Perbedaan yang prinsipil pada tugas dan wewenang Gakkumdu sejak diubah kedua kalinya Undang-Undang Nomor 1 Tahun 2015 menjadi Undang-Undang Nomor 10 Tahun 2016 merupakan terobosan baru agar tercipta pemahaman yang sama sejak awal penerimaan laporan dan/atau temuan antara 3 (tiga) institusi yang berbeda dalam proses penanganan dugaan pelanggaran yang terjadi. Sehingga tugas pokok ketiga institusi yang berbeda tersebut (Panwaslu sebagai penindaklanjut dugaan pelanggaran Pemilihan, Kepolisian sebagai penyelidik dan penyidik, dan Kejaksaan sebagai penuntut), dalam penanganan pelanggaran pidana Pemilihan ketiga institusi tersebut secara bersama-sama bertanggungjawab atas penangaan pelanggaran tersebut, namun tidak mengabaikan tahapan sesuai Hukum Acara Pidana pada umumnya. Dengan demikian sesuai pada tahapannya, masing-masing institusi menjadi leading sector pada tahapan yang menjadi tugas pokoknya.
Sebagaimana telah disebutkan sebelumnya, Sentra Gakkumdu bertugas dan bewenang melakukan penanganan tindak pidana Pemilihan sejak adanya laporan dan/atau temuan yang diterima oleh Panwaslu. Dengan kata lain, Kepolisian dan Kejaksaan (sebagai penyidik dan penuntut) juga telah bertugas pada saat diterimanya laporan dan/atau temuan tersebut oleh Panwaslu. Hanya saja, Kepolisian dan Kejaksaan melakukan pendampingan kepada Panwaslu dalam proses penanganan pelanggaran, baik pada tahap penerimaan laporan dan/atau temuan, penentuan pasal yang diduga telah dilanggar, pengumpulan alat bukti, pemeriksaan para pihak (pelapor, saksi dan terlapor), sampai pada kajian. Hal tersebut sebagaimana diatur pada Pasal 15 ayat (2) Peraturan Bersama Ketua Badan Pengawas Pemilihan Umum Republik Indonesia, Kepala Kepolisian Negara Republik Indonesia, dan Jaksa Agung Republik Indonesia Nomor 14 Tahun 2016, Nomor 01 Tahun 2016, Nomor 010/JA/11/2016 Tentang Sentra Penegakan Hukum Terpadu Pada Pemilihan Gubernur dan Wakil Gubernur, Bupati dan Wakil Bupati, serta Walikota dan Wakil Walikota “dalam menerima Laporan/Temuan sebagaimana dimaksud pada ayat (1), Bawaslu Provinsi atau Panwaslu Kabupaten/Kota harus didampingi dan dibantu oleh Penyidik Tindak Pidana Pemilihan dan Jaksa yang tergabung dalam Sentra Gakkumdu.” Secara teknis, hal tersebut akan dipaparkan pada sub-bab selanjutnya.

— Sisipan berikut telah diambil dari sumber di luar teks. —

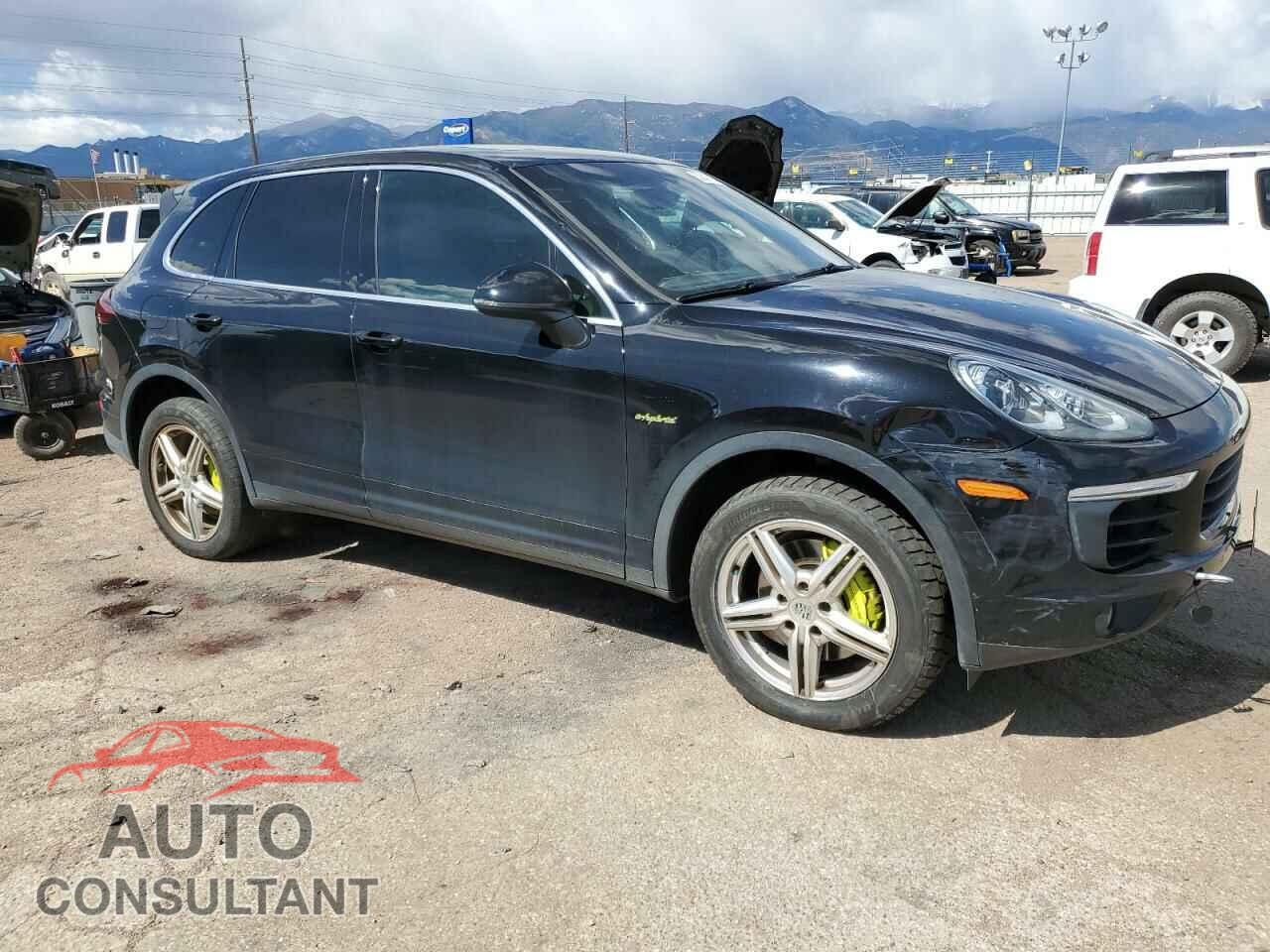 PORSCHE CAYENNE 2018 - WP1AE2A20JLA72817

Dalam melaksanakan tugas, Pengawas Pemilu berewenang menerima Laporan/Temuan dugaan tindak pidana Pemilihan dengan membuat dan mengisi format laporan/temuan serta memberikan nomor serta terhadap pelapor diberikan Surat Tanda Penerimaan Laporan. Dalam menerima laporan/temuan tersebut, Panwaslu Kabupaten/Kota harus didampingi dan dibantu oleh Penyidik Tindak Pidana Pemilihan dan Jaksa yang tergabung dalam Sentra Gakkumdu. Pendampingan tersebut dilakukan dengan identifikasi, verifikasi, dan konsultasi terhadap laporan/temuan dugaan pelanggaran Tindak Pidana Pemilihan. Selain melakukan pendampingan, khusus untuk Penyidi Tindak Pidana Pemilihan diberikan wewenang untuk melakukan Penyelidikan setelah Panwaslu Kabupaten/Kota mengeluarkan surat perintah tugas untuk melaksanakan Penyelidikan dan selanjutnya Penyidik Tindak Pidana Pemilihan mengeluarkan Surat Perintah Penyelidikan berdasarkan Surat Perintah Tugas tersebut.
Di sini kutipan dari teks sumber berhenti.